Questo squilibrio, causato dall’accumulo globale di gas serra, agisce direttamente sulla biologia della foresta. Quando l’umidità del suolo scende sotto una soglia critica, gli alberi attivano un meccanismo di difesa estremo: chiudono gli stomi (i pori delle foglie) per evitare la dispersione idrica. Tuttavia, questa strategia ha un costo altissimo, poiché interrompe la fotosintesi e l’assorbimento di CO2.

Nei casi di calore estremo, la struttura stessa della pianta viene compromessa: la formazione di bolle d’aria nei vasi linfatici provoca danni spesso irreversibili, portando alla morte dell’albero. Le specie più colpite sono paradossalmente quelle a crescita rapida, le più efficienti nel sequestrare carbonio, rendendo la foresta meno capace di contrastare il riscaldamento globale.

Jeff Chambers, coordinatore della ricerca, sottolinea come anche un lieve incremento della mortalità degli alberi su scala amazzonica possa innescare una perdita catastrofica di biomassa. Il problema, tuttavia, non è isolato al Sud America. Fenomeni simili si osservano già nelle foreste tropicali dell’Africa e del Sud-Est asiatico, suggerendo un allungamento sistematico della stagione secca in tutta la fascia equatoriale.

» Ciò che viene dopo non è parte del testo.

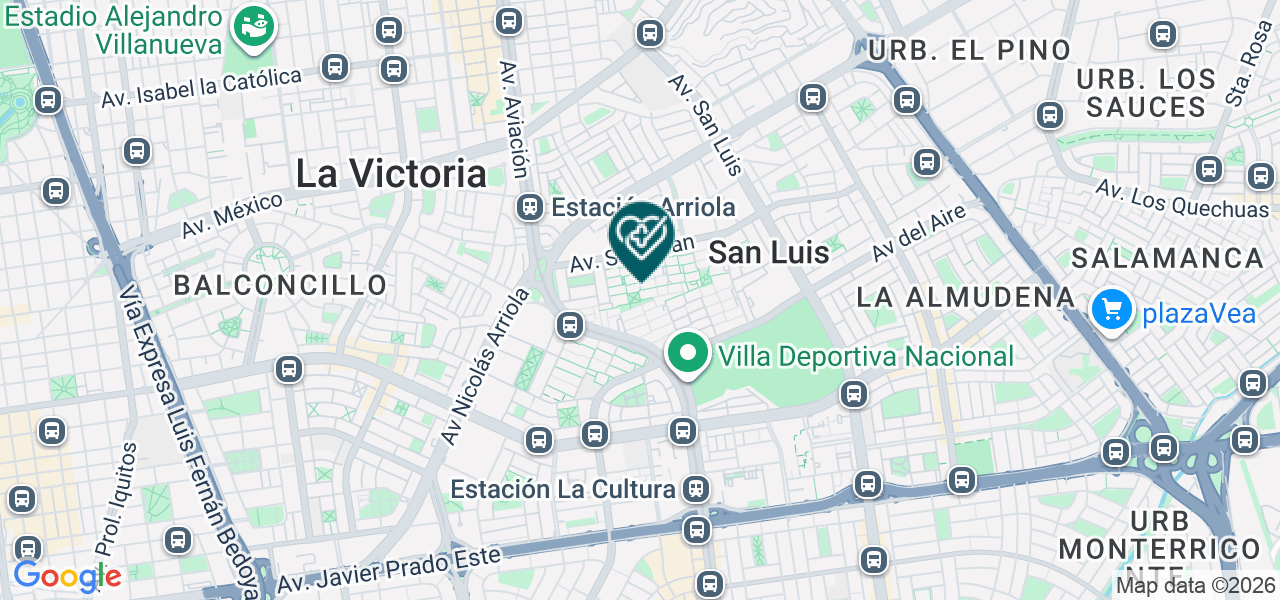 Mapa de Consultorio Parroquia San Juan Macias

Il passaggio cruciale è il rischio che queste foreste si trasformino da “polmoni” (serbatoi di carbonio) a sorgenti di emissioni. Se l’Amazzonia iniziasse a rilasciare più carbonio di quanto ne assorbe, l’intero equilibrio climatico mondiale subirebbe un’accelerazione incontrollabile. Le ripercussioni non sarebbero solo ambientali, ma colpirebbero direttamente l’economia globale, influenzando l’agricoltura e la disponibilità idrica a livello intercontinentale.

Si tratta di conseguenze davvero terribili per il nostro Pianeta e purtroppo sembra sempre più complicato arrestare questo tipo di fenomeno. Se insomma in questa enorme foresta pluviale gli alberi non riescono più a fare il loro dovere, a causa proprio delle temperature sempre più estreme, c’è un grosso rischio per la salute di tutti noi.

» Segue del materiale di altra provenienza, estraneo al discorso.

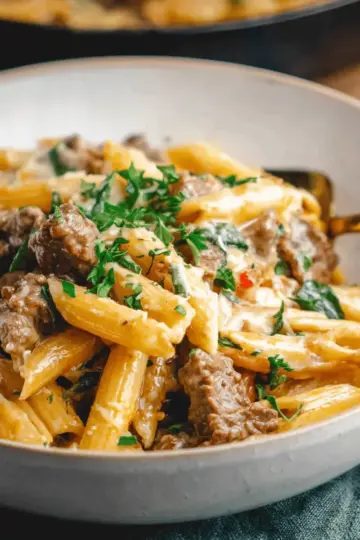 Cheesesteak Pasta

Quanto emerge dall’Amazzonia deve quindi creare un forte allarmismo tra i capi di Stato e provare ad attuare un piano di sicurezza. Quello che è chiaro a tutti è che la foresta amazzonica non stia solo cambiando; piuttosto sta lottando per la sopravvivenza contro un clima che sta superando i limiti biologici della sua flora. Una situazione davvero grave.